Forschungsergebnisse ermöglichen neue Methode
Von Katharina Moser, Windhoek
Tuberkulose gehört neben HIV und Malaria weltweit zu den am häufigsten auftretenden Infektionskrankheiten. Sie wird durch das Einatmen infektiöser Aerosole übertragen und betrifft vorrangig die Lunge. In den meisten Fällen gelingt es dem Körper, die Infektion durch eine Immunabwehr erfolgreich einzudämmen. Dann kommt es nur zu einer latenten Infektion, die nicht zu einem klinisch fassbaren Krankheitszustand führt und auch nicht ansteckend ist. Bei Immunschwäche und in anderen Fällen kann es jedoch zu einer aktiven Infektion kommen, die sich in einer schweren Entzündung der Lunge und anderer Organe zeigt.
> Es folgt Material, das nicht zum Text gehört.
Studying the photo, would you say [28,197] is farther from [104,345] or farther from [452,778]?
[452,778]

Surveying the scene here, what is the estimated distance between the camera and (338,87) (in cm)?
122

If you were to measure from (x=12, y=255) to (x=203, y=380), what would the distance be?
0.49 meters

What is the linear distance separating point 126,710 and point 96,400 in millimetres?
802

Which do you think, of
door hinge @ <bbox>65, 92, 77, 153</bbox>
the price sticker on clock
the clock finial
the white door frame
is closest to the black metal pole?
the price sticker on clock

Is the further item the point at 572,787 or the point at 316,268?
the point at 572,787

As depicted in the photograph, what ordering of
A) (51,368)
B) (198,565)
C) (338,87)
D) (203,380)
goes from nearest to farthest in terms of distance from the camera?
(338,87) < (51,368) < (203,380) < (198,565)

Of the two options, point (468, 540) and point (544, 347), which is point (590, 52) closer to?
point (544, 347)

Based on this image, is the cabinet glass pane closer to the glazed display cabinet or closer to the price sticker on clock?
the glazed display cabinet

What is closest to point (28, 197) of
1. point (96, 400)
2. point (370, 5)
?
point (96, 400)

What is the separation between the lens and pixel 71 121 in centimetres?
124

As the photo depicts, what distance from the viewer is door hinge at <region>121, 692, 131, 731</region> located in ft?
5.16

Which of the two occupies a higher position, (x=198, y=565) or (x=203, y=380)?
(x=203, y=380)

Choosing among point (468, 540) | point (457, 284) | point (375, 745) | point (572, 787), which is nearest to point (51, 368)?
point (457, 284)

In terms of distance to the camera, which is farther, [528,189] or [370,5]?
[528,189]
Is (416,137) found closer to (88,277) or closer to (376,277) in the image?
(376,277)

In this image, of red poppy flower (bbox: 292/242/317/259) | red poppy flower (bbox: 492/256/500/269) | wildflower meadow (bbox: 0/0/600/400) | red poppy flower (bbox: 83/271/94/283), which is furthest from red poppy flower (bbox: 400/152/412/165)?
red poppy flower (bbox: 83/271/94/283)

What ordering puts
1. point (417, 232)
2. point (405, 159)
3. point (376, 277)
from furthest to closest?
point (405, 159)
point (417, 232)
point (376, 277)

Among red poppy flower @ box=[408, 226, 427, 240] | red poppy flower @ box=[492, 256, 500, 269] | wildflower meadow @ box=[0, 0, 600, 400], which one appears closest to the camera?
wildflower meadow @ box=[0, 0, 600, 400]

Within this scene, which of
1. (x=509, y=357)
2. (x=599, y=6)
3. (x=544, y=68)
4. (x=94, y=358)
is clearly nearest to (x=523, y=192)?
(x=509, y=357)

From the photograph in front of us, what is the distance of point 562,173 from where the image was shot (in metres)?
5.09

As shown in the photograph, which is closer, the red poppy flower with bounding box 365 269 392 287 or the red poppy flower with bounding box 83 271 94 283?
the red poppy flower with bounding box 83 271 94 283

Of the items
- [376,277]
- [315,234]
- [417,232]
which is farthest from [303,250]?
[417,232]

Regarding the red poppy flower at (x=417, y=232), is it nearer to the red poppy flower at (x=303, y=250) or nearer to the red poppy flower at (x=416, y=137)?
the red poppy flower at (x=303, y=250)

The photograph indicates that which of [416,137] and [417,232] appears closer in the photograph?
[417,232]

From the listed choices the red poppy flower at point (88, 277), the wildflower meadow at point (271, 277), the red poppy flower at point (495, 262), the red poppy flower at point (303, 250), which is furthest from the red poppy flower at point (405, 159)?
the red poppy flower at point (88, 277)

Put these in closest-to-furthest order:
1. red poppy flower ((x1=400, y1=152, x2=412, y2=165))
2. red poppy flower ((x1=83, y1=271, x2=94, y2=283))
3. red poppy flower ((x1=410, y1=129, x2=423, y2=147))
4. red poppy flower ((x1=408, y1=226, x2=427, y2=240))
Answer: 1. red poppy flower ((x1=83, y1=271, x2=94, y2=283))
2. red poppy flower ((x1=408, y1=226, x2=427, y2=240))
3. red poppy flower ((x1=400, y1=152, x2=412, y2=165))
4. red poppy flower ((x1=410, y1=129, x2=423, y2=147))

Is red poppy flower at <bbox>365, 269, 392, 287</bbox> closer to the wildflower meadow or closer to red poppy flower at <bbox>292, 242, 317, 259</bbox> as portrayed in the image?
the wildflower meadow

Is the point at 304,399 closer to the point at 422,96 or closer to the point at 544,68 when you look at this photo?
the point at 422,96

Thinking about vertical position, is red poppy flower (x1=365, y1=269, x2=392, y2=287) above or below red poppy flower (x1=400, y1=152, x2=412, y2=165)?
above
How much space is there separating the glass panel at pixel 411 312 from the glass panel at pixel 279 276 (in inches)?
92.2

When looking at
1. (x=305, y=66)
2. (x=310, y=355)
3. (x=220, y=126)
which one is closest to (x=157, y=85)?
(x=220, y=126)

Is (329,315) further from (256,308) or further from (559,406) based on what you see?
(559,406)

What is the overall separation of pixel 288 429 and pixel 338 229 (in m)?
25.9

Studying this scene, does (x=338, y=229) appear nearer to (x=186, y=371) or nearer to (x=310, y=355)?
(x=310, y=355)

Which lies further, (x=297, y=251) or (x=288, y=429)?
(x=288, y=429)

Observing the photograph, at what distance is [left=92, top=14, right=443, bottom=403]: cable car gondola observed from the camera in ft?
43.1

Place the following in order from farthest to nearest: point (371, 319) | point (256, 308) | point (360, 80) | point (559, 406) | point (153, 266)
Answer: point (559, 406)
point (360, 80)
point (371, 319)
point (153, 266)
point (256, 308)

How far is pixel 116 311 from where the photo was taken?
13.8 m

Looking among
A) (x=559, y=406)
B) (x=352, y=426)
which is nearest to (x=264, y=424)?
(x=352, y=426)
Nach Schätzungen der Weltgesundheitsorganisation sind etwa 2 Milliarden Menschen, ein Viertel der Menschheit, mit dem Bazillus infiziert, ein Großteil latent. 10 Millionen Menschen infizieren sich jährlich, 1,5 Millionen Menschen fallen der Krankheit pro Jahr zum Opfer. Dabei kommen 95 Prozent aller Fälle in Entwicklungsländern vor, überproportional bei Menschen, die in großer Armut und von weniger als einem US-Dollar am Tag leben. In Südafrika ist es Todesgrund Nummer eins. Dennoch sind die Technologien zur Diagnose noch immer bei weitem nicht ideal, da es sich bei Tuberkulose um eine Krankheit mit nichtspezifischen Symptomen handelt. Gerade bei Kindern und HIV-Erkrankten wird die Infektion oft übersehen – es wird geschätzt, dass drei Millionen aktive Fälle momentan unentdeckt sind. Bestehende Tests haben entweder eine niedrige Sensitivitäts- oder Spezifitätsrate oder sind enorm zeit- und kostenaufwändig. Ein Sputumabstrich beispielsweise ist sehr insensitiv, das heißt, hat eine schlechte Positivitätsrate, dauert vier bis acht Wochen bis zur Diagnose und erfordert mindestens drei Untersuchungen des Patienten. Gerade in Entwicklungsländern, in denen diese Tests gebraucht werden, macht ein Mangel an Ressourcen, Technologien, Fachkräften und finanzieller Unterstützung dies oft unmöglich. Auch laut der Weltgesundheitsorganisation ist die Neuentwicklung eines schnellen, sputumfreien und kosteneffektiven Test unabdingbar.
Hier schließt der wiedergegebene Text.